- [Your task]: Copy the listing exactly, images excluded.

- [Supplied data]:
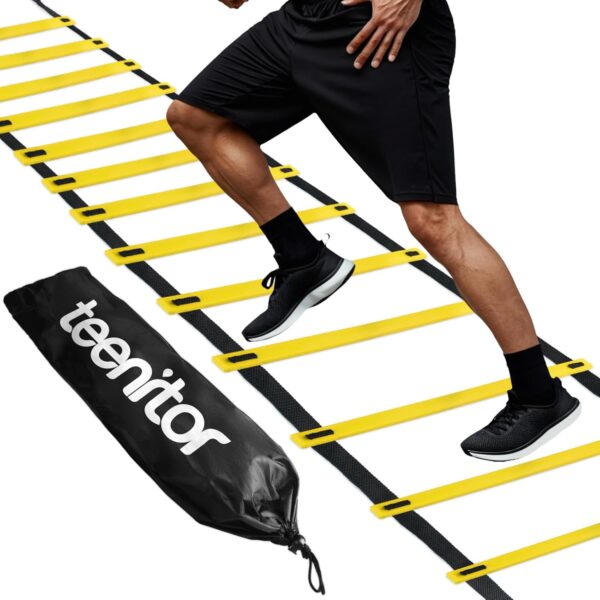 Teenitor Agility Ladder Speed Ladder Training Ladder for Soccer, Speed, Football Fitness Feet Training Carry Bag Agility Training Equipment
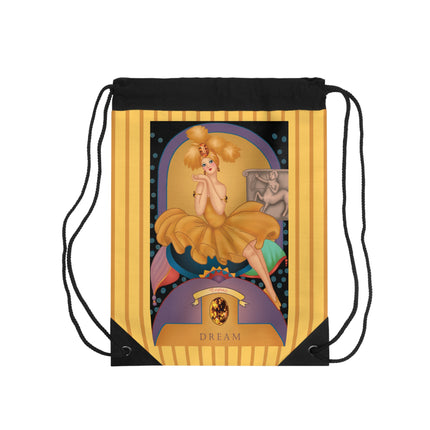 November & Topaz Zodiac Drawstring Bag
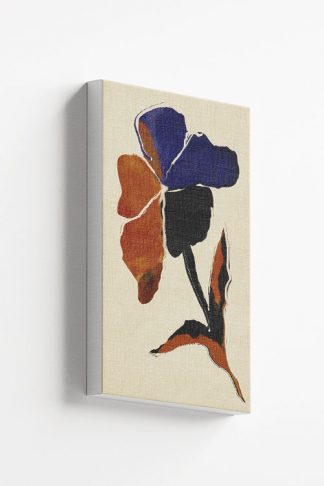Abstract Smudge Flower Canvas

- [Answer to the exercise]:
 Teenitor Agility Ladder Speed Ladder Training Ladder for Soccer, Speed, Football Fitness Feet Training Carry Bag Agility Training Equipment
 November & Topaz Zodiac Drawstring Bag
Abstract Smudge Flower Canvas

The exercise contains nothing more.